Agent Usage Guide
This document provides practical guidance for integrating and using the pdfsearch-mcp server with MCP-compatible agents (Claude Desktop, Claude Code, Codex CLI, etc.).
Capabilities
- Tool: `searchpdf-mcp`
- Input: `{ query: string, limit?: number, source?: string, before?: number, after?: number, budget?: number, phraseBoost?: number, phraseOnly?: boolean }`
- Output: `content[0].text` is a human-readable list with page numbers and bracket-highlighted matches.
- Behavior: Local-only search over one or more PDFs indexed into `<indexDir>/<basename>/index.json`.
Recommended Setup
- Ensure your source PDFs are placed in `pdfDir` (default `data/`).
- Build or rebuild indexes:
- `npm run index` (uses default PDF `AGLC4.pdf`)

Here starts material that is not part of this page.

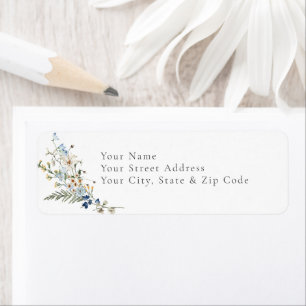 Rustic Dusty Blue Wildflowers & Daisies Shower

- `npm run index -- --pdf path/to/SomeDoc.pdf` (writes to `<indexDir>/SomeDoc/index.json`)
- Start the server:
- Dev: `npm run dev`
- Compiled: `npm start`
MCP Client Configuration Examples
Claude Desktop
{
"mcpServers": {
"pdfsearch": {
"command": "node",
"args": ["dist/src/server.js"],
"env": {}
}
}
}
Docker variant
{
"mcpServers": {
"pdfsearch": {
"command": "docker",
"args": [
"run", "-i", "--rm",
"-v", "${HOME}/aglc4-data:/app/data",
"pdfsearch-mcp"
]
}
}
}
Codex CLI / Local Debugging
- List tools: `npm run list-tools`
- Call tool:
- `npm run call-tool -- '{"name":"searchpdf-mcp","arguments":{"query":"neutral citation","limit":3}}'`
Tool Input Tips
- query
- Keep concise; include key terms or exact phrases for best results.
- limit
- 3–5 is a good default; up to 20 supported.
- source
- Use when multiple PDFs are indexed; accepts a basename (e.g. `AGLC4`) or path.
- before / after
- Control context expansion around the matched chunk; use small values to keep previews tight (default 1/2).
- budget
- Max preview length in characters (default 1200). Increase if you want more surrounding content.
- phraseBoost
- Numerical score added when the exact query substring appears in a chunk (default 2). Increase to prioritize exact-phrase hits.
- phraseOnly
- If true, returns only chunks containing the exact phrase; useful when precision matters.
Operational Notes
- Index freshness
- Server prints a banner with index status on startup and warns if the index is stale (PDF changed). Re-run indexing if prompted.
- Auto-index
- On startup, the server scans `pdfDir` and indexes any new or changed PDFs. If `watch` is enabled, it reindexes on file changes.
- Config
- Configure via `config.json` or env vars. See README “Config” for details.
- OCR
- If the PDF has little/no text, the indexer attempts OCR (`ocrmypdf`). Install OCR tools locally or use the Docker image.
JSON-RPC Examples (stdio)
- Initialize
{"jsonrpc":"2.0","id":1,"method":"initialize","params":{"protocolVersion":"0.6","clientInfo":{"name":"agent","version":"1.0.0"}}}
- List tools
{"jsonrpc":"2.0","id":2,"method":"tools/list","params":{}}
- Call tool (basic)
{"jsonrpc":"2.0","id":3,"method":"tools/call","params":{"name":"searchpdf-mcp","arguments":{"query":"neutral citation"}}}
- Call tool (with options)
{"jsonrpc":"2.0","id":4,"method":"tools/call","params":{"name":"searchpdf-mcp","arguments":{"query":"law report series","limit":5,"before":0,"after":3,"budget":2000,"phraseBoost":4}}}
Best Practices
- Prefer exact phrases for citation rules (e.g., "medium neutral citation").
- Use `source` to disambiguate when multiple documents are present.
- Keep `before/after` small for focused previews; increase if agents need more context.
- On PDF updates, rely on auto-index or manually run `npm run index`.